Man hanging on a matatu along Eldoret-Chepkoilel highway. [Christopher Kipsang, Standard]

Kenya has registered continuous growth in its Gross Domestic Productive (GDP), thereby creating a promising environment for investments.

Agriculture, manufacturing, wholesale, retail, and financial services are the highest contributors to Kenya’s GDP, and as a result, they have been prioritised under the economic pillars of Kenya Vision 2030 that provides the national development goals in promoting inclusive and sustainable growth to make Kenya a globally competitive.

Automotives play a critical role in the economy by facilitating free movement of goods and people. Globally, the automotive industry has been a pillar of industrialisation for many economies and a key driver of macroeconomic growth and technological advancement.

The industry has consistently contributed directly and indirectly to the GDP, foreign investment, employment, and innovation in developed countries such as Germany, the United States, Japan, South Korea, Italy, China, and several other emerging economies (Egypt, Morocco, South Africa, India, Thailand). If we take a look at a country like the US, the automotive industry is one of its most important industries.
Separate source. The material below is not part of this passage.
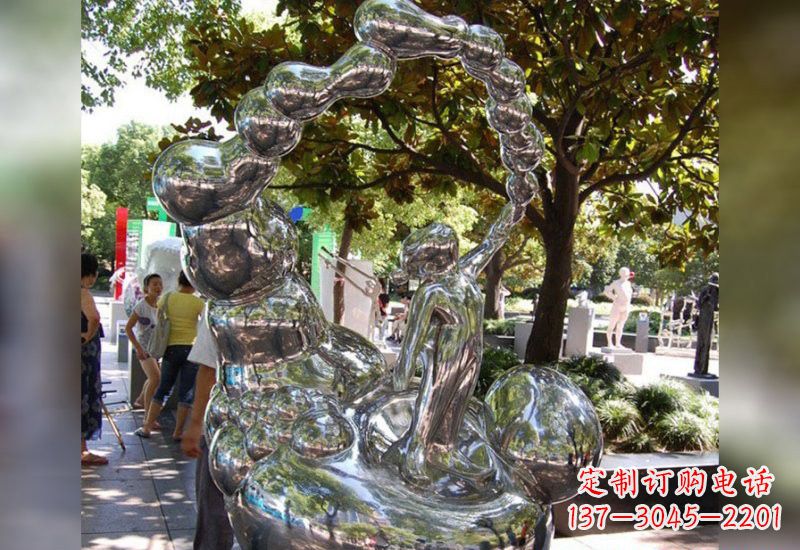 商丘精美不锈钢儿童雕塑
It has historically contributed three to 3.5 per cent to the overall GDP. According to international estimates, the average annual turnover of the world automobile industry is more than USD 2.75 trillion.

In Kenya, the automotive industry has the potential to significantly contribute to the manufacturing sector’s growth, and the government targets to increase its share of the GDP from the current 9.2 per cent to 15 per cent by 2022 as part of the Big Four Agenda. This will also be instrumental in achieving the aspirations of Vision 2030, of creating a globally competitive and prosperous country.

The automotive industry has a long value chain creating both backward and forward linkages. The backward linkages include design and manufacture of vehicle bodies and other components, not forgetting that the automotive industry consumes steel, iron, aluminum, plastic, glass, carpeting, textiles, computer chips, rubber, and much more. The industry creates forward linkages through vehicle dealers, garages, leasing firms, insurance firms, and financial institutions, among others.

As stated, the private sector is in support of any policy that will support the growth of local businesses. Therefore, we support the Ministry of Industrialisation, Trade, and Enterprise Development's initiative to develop a National Automotive Policy which will help to grow the automotive industry.

Passing the Kenya Standards 1515 which lowers the importation age of trucks, buses, and prime movers is an important incentive to increase the volume of vehicles produced locally, hence attracting investment into the industry.

The automotive industry has a great potential for creating more jobs than the importation of used vehicles because of the big value chain. The industry can create five to 11 more jobs within its value chain for each job in the assembly plants. The local automotive industry can grow the country through technology transfer since the automotive industry is one of the fastest adopters of technology.